**WHAT THE TASK ASKS:** Please set down, with no changes, every line of the material below from the one containing "Baird Dress Tartan" through the end. Skip the pictures.

**PROVIDED MATERIAL:**
• • • • • • •
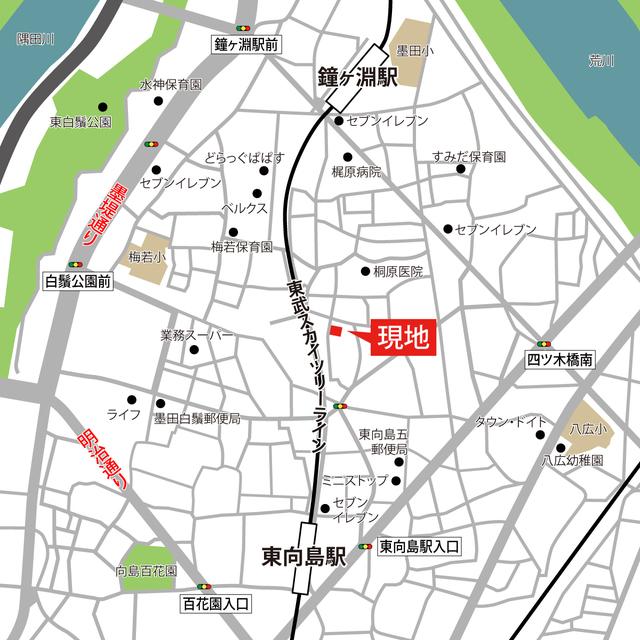 フォレスト東向島2号室 東京都墨田区 東向島 1k 東京 神奈川 千葉 埼玉のリノベーション デザイナーズ賃貸ならグッドルーム Goodroom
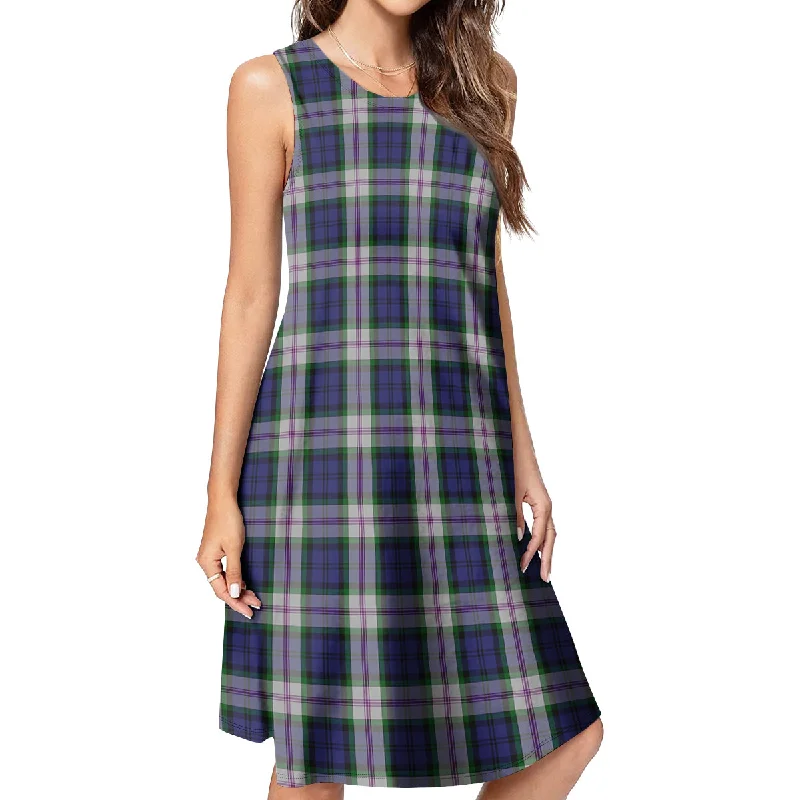 Baird Dress Tartan Womens Casual Dresses Party unclassified dresses
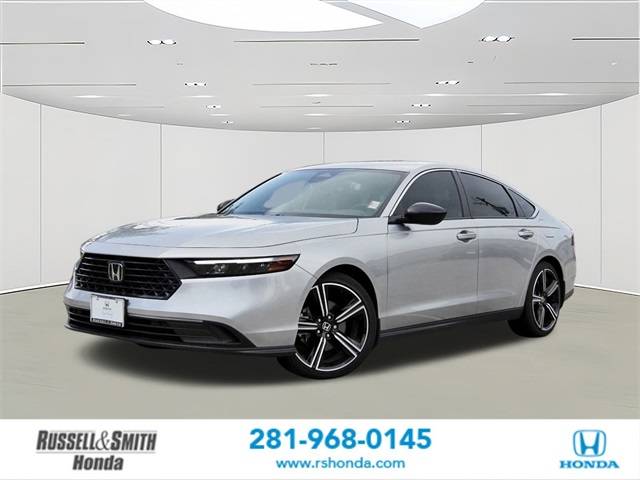 2024 Honda Accord Hybrid Sport — Sedan — 4,092 mi — Houston, TX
• • • • • • •
**RESULT OF THE TASK:**
 Baird Dress Tartan Womens Casual Dresses Party unclassified dresses
 2024 Honda Accord Hybrid Sport — Sedan — 4,092 mi — Houston, TX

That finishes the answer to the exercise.